Tuvix (1996) on IMDb


Tuvok and Neelix are on an away mission together, harvesting some plant samples that they might be able to use as a potential food source. When they are ready to beam up, however, there is a transporter accident – prompted by a plant’s reproductive process. As a result, Tuvok and Neelix have become a single person who names himself Tuvix.


Star Trek has always been bold enough to ask some very serious questions about some rather controversial subjects. “Tuvix” is definitely among the most controversial episodes that Star Trek has ever produced. Many people recognize this as one of the best episodes because of how it deals with a rather serious issue. But on a more personal note, I absolutely can’t stand this episode. I even hate it more than “Threshold” or any of the worst episodes of Enterprise.

Who knows how many “Transporter Gone Wild” episodes that have plagued this franchise (Two Commander Rikers, Two Captain Kirks, etc.). This is Voyager’s version of the same story. Their transporter combined with a plant’s reproductive process (seriously?) to create a brand new person – someone who calls himself Tuvix since he is a merging of Tuvok and Neelix. In fact, in one scene Tuvix admits he pretty much considers them to be his parents. Yuck. Thanks for that mental image, Voyager.

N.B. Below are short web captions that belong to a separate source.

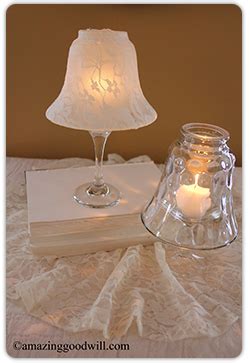 Diy Candle Centerpieces, Diy Candles, Table Decorations, Candle Wax, Candle Lamp Diy, Repurpose ...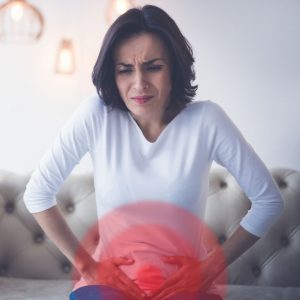 Frau mit Unterleibsschmerzen bei Endometriose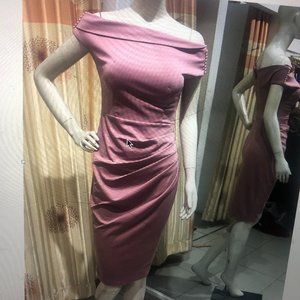 Elegant dress with a unique color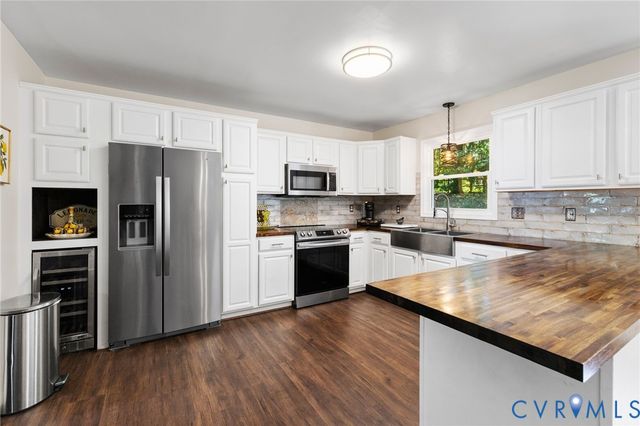 14307 Long Gate Rd, Midlothian, VA 23112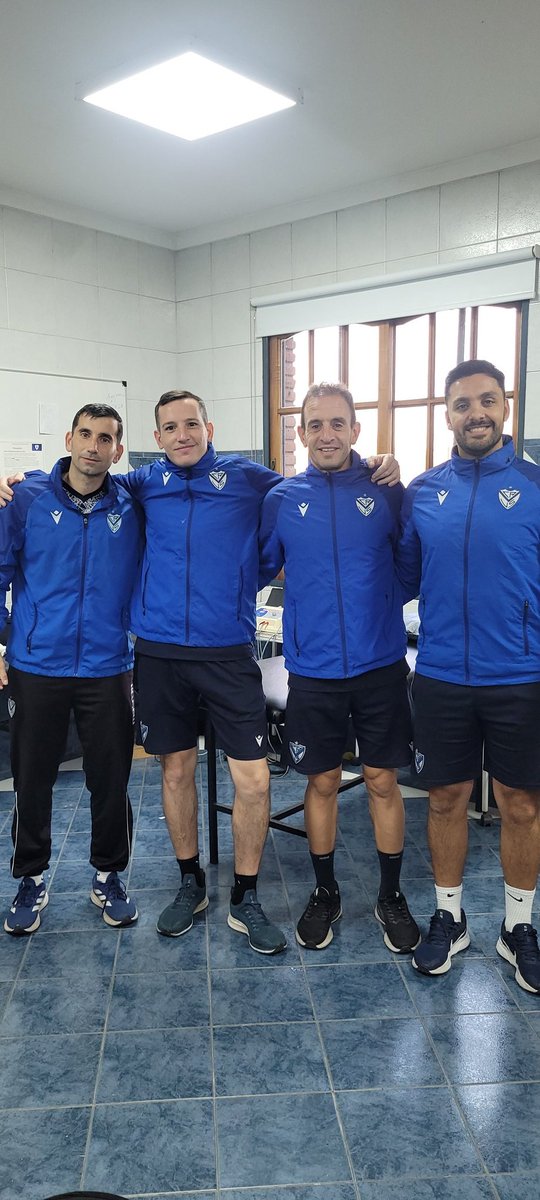 Kinesiología y Readaptacion Fútbol Profesional <a href="/Velez/">Vélez Sarsfield</a>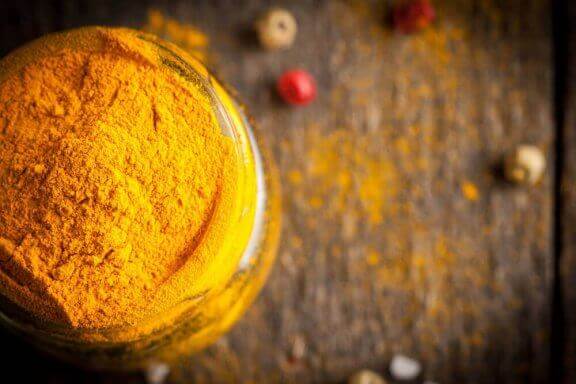 Bakje met kurkuma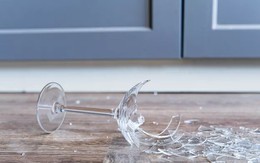 Người phụ nữ phẫu thuật nhiều lần, suýt mất mạng vì ly rượu vỡ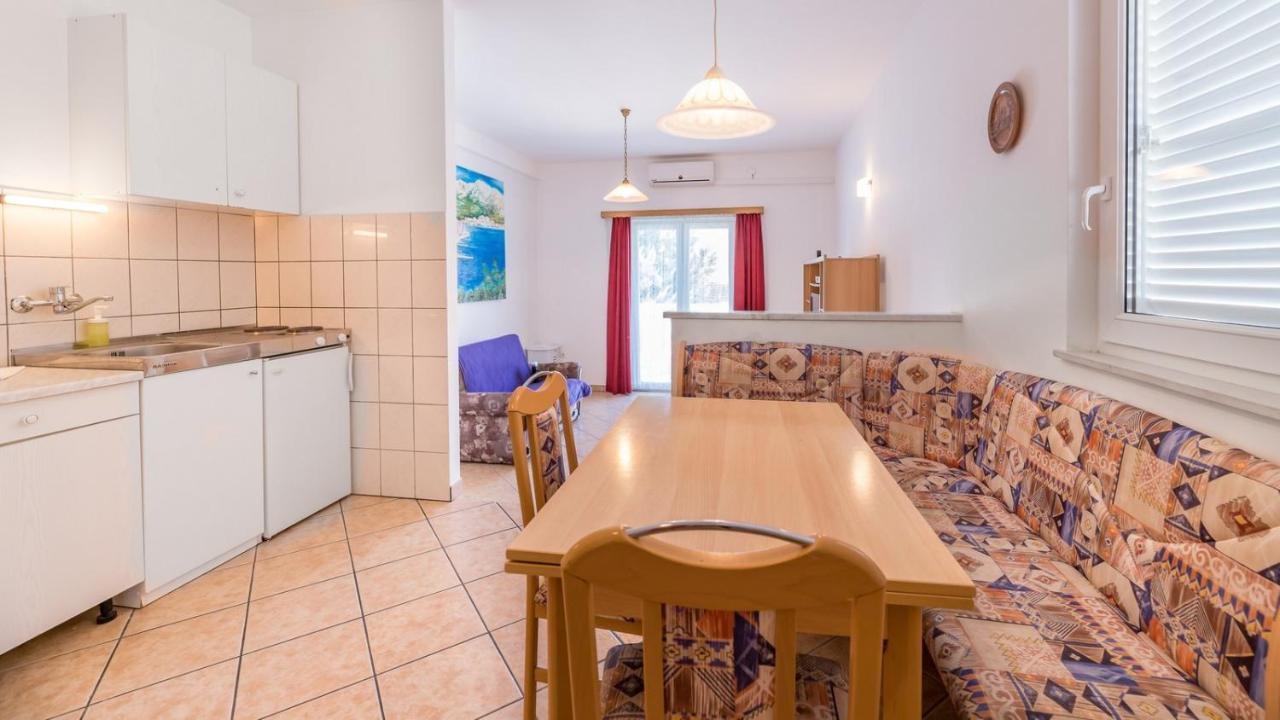Damir & Gordana Apartment Baska  Bagian luar foto
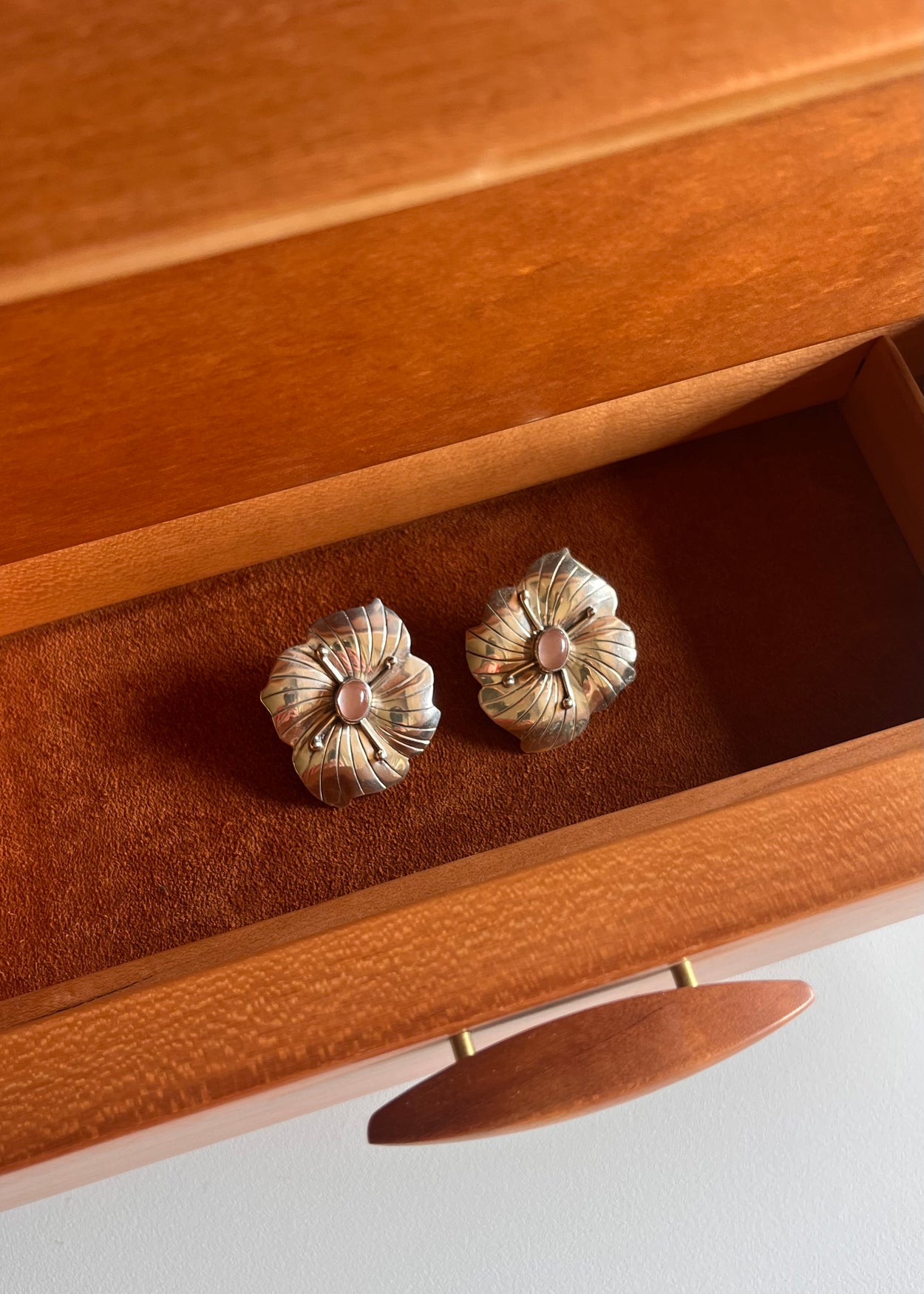 Rose Quartz Flower Earrings
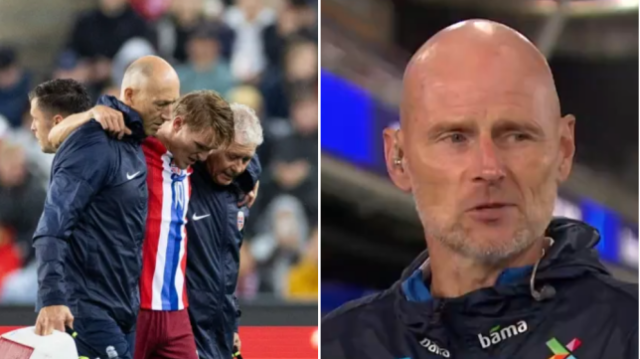 Martin Odegaard, à esquerda, é ajudado a sair do campo depois de sofrer uma lesão no tornozelo, sobre a qual o técnico da Noruega, Stale Solbakken, à direita, atualizou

Anyway, Tuvix is a new person who obviously didn’t exist before the episode started. Of course with this being Voyager, it’s extremely rare that something that happens in one episode will ever have any effect or even be referred to again in any future episode. So we know Tuvix won’t exist by next week – the only mystery is how they will get Tuvok and Neelix back.

Normally, we’d expect Captain Janeway should be inclined to protect this new life form. Tuvix starts to earn the trust of the crew, and he takes on the roles of tactical officer, security chief and head chef. He is extremely proficient at his jobs, and he gains the respect of everyone on the ship. The character is pretty interesting, really. He’s more talkative than Tuvok and less annoying than Neelix, and the actor playing the role is just outstanding. As crazy as the setup is, to see his portrayal of these two characters, you actually believe this could have happened. Tuvix is exactly what we would expect a combination of Tuvok and Neelix to be.

So we’ve just spent the last 25-30 minutes coming up with an entirely new character, and giving him friends and responsibilities on this ship. There is a budding friendship between him and pretty much everyone else. Chakotay confides to Janeway that Tuvix is becoming a good friend to him.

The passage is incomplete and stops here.